The cast of Ghosts Australia (from left): George Zhao as Joon,  Mandy McElhinney as Eileen, Brent Hill as Gideon, Ines English as Miranda, Jackson Tozer as Satan, Michelle Brasier as Lindy, and (front) Rowan Witt as Sean and Tamala as Kate.
The cast of Ghosts Australia (from left): George Zhao as Joon, Mandy McElhinney as Eileen, Brent Hill as Gideon, Ines English as Miranda, Jackson Tozer as Satan, Michelle Brasier as Lindy, and (front) Rowan Witt as Sean and Tamala as Kate.

If you are going to play dead, there are certain rules you must stick to. For one, you can walk through things, but you can’t bump into things. You can sit on chairs and walk up stairs, but you can’t fall through them. You also – mostly – can’t pick things up or move things.

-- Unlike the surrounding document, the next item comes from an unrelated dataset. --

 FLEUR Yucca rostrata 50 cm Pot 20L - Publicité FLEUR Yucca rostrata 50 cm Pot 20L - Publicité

“It’s more difficult than you think,” says Brent Hill. “Because we’re so used to just casually picking things up, or sitting down or leaning on furniture. It was difficult for me because having a spear through the chest was like a Laurel and Hardy or Three Stooges routine, where if I turn too quickly, I’d knock over a vase or something, and that can’t happen.”

Yes, a spear through his chest. Hill plays Gideon, the bewigged and long departed former naval commander of the Third Fleet, in Ghosts Australia.

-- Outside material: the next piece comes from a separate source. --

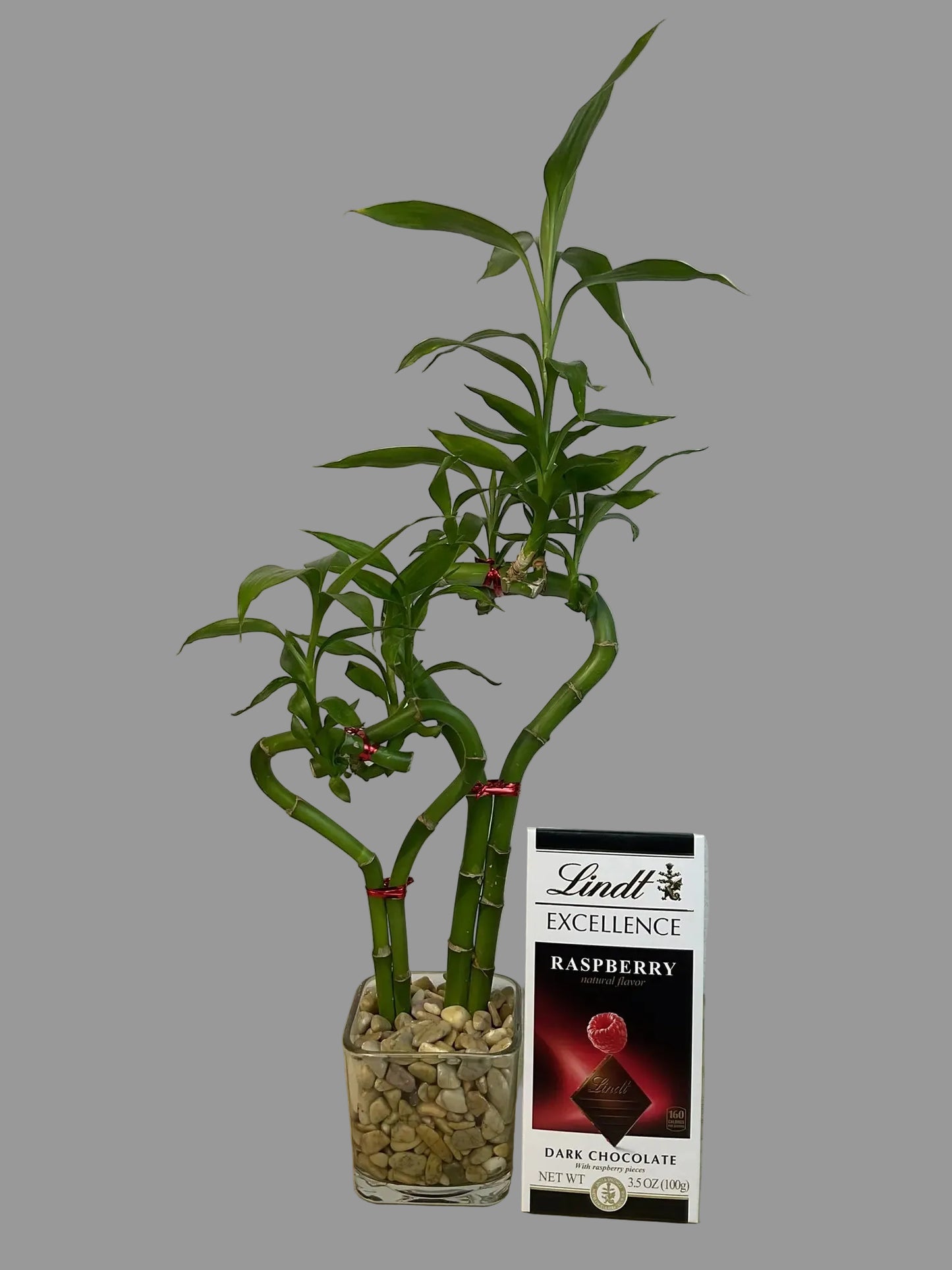 Double heart lucky bamboo with Lindt Raspberry Bar in 3.5 inch square vase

Rowan Witt as Sean and Tamala as Kate in Ghosts Australia.
Rowan Witt as Sean and Tamala as Kate in Ghosts Australia.

“Gideon is a ghost with the hair of Margaret Thatcher and the sensibilities of a goose,” says Hill, who also played King George III in the musical Hamilton. “He’s stubborn, and when everyone thinks of a goose – ‘Oh, you silly goose’ – they think it’s funny. And then you realise, actually, geese are incredibly territorial and aggressive, and chase people down, they honk and they’re absurd and a bit ridiculous. And that’s Gideon. He’s a 200-year-old ghost who doesn’t want to change but is forced to by having a new breathing person who they can suddenly interact with.”

Gideon is one of several spirits haunting Ramshead Manor, a country estate that is inherited by city lawyer Kate, played by Tamala (who goes by just one name), when her elderly uncle suddenly dies. Faced with being able to afford only a “pretty murdery” apartment – where the toilet is conveniently located in the kitchen – Kate and her partner, Sean (Rowan Witt), pluck for the spooky estate over studio apartment hell.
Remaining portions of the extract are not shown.